如何在java中将字符串解析为HTML DOM答案

【问题标题】：How do I parse a string to HTML DOM in java如何在java中将字符串解析为HTML DOM
【发布时间】：2015-01-28 02:14:40
【问题描述】：

我的 java 程序将网页内容存储在字符串 sb 中，我想将字符串解析为 HTML DOM。我该怎么做？

import java.io.IOException;
import java.io.InputStream;
import java.io.StringReader;
import java.net.*;
import javax.xml.parsers.DocumentBuilder;
import javax.xml.parsers.DocumentBuilderFactory;
import javax.xml.parsers.ParserConfigurationException;
import org.w3c.dom.Document;
import org.w3c.dom.Element;
import org.xml.sax.InputSource;
import org.xml.sax.SAXException;

public class Scraper {
    public static void main(String[] args) throws IOException, SAXException {
        URL u;
        try {
            u = new URL("https://twitter.com/ssjsatish");
            URLConnection cn = u.openConnection();
            System.out.println("content type:  "+cn.getContentType());
            InputStream is = cn.getInputStream();
            long l = cn.getContentLengthLong();
            StringBuilder sb = new StringBuilder();
            if (l!=0) {
                int c;
                while ((c = is.read()) != -1) {
                   sb.append((char)c);
                }
                is.close();
                System.out.println(sb);
                DocumentBuilder db = DocumentBuilderFactory.newInstance().newDocumentBuilder();
                InputSource i = new InputSource();
                i.setCharacterStream(new StringReader(sb.toString()));
                Document doc = db.parse(i);
            }
        } catch (MalformedURLException e) {
            e.printStackTrace();
        } catch (ParserConfigurationException e) {
            e.printStackTrace();
        }
    }
}

【问题讨论】：

在编写代码时使用一致的样式很重要。

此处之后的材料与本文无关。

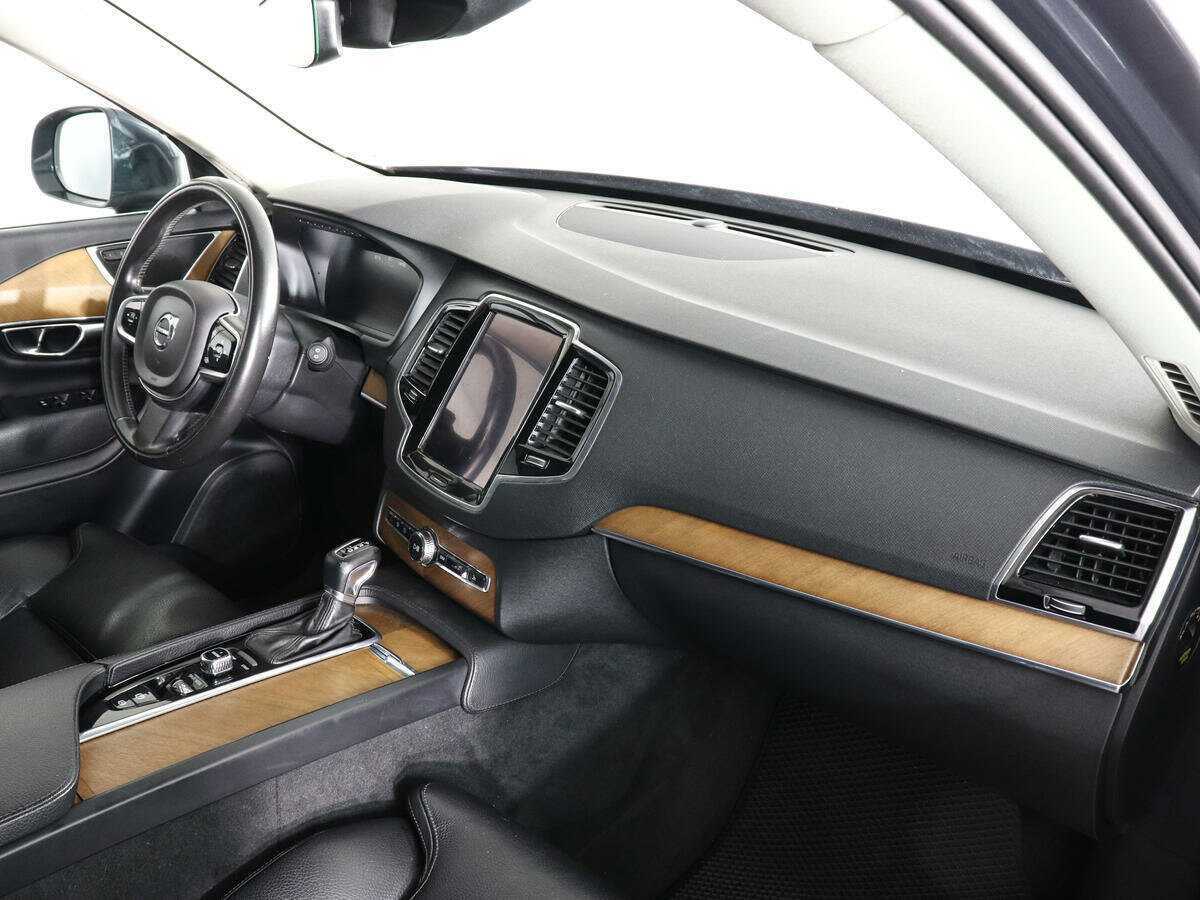 Купить Volvo XC90 с пробегом. Фото: #9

我已编辑您的代码以使用存在的几种样式之一。另外，我之前移动了is.close()，这样您的连接打开时间不会超过绝对必要的时间。

标签： html parsing dom html-parsing

【解决方案1】：

您不想使用 XML 解析器来解析 HTML，因为并非所有有效的 HTML 都是有效的 XML。我建议使用专门设计用于解析“真实世界”HTML 的库，例如，我使用jsoup 取得了不错的结果，但还有其他的。使用此类库的另一个优点是它们的 API 在设计时考虑了 Web Scraping，并提供了更简单的方式来访问 HTML 文档中的数据。

【讨论】：

这就是我想要构建的，但我不想使用像 jsoup.org 或 jaunt-api.com 这样的库。我试过jsoup。
@SatishPatel 为什么不呢？如果没有，您可能必须自己编写。
@ColinvH 是的，我想自己写。我想了解他们是如何做到的？
@SatishPatel 然后你应该看看他们的源代码：github.com/jhy/jsoup 如果你想学习如何构建解析器，你应该从像 JSON 这样简单的地方开始。
是的，在解析 HTML 中存在大量特殊情况。如果你对 String -> Tree 的东西（解析）感兴趣，你可能想从更简单的东西开始。解析是一个非常巧妙的话题，但 HTML 并不是学习它的好方法。如果您想了解他们对 Tree 的作用，例如搜索与选择器匹配的元素，那么 jsoup 源代码是一个很好的起点，尤其是因为它是自包含的。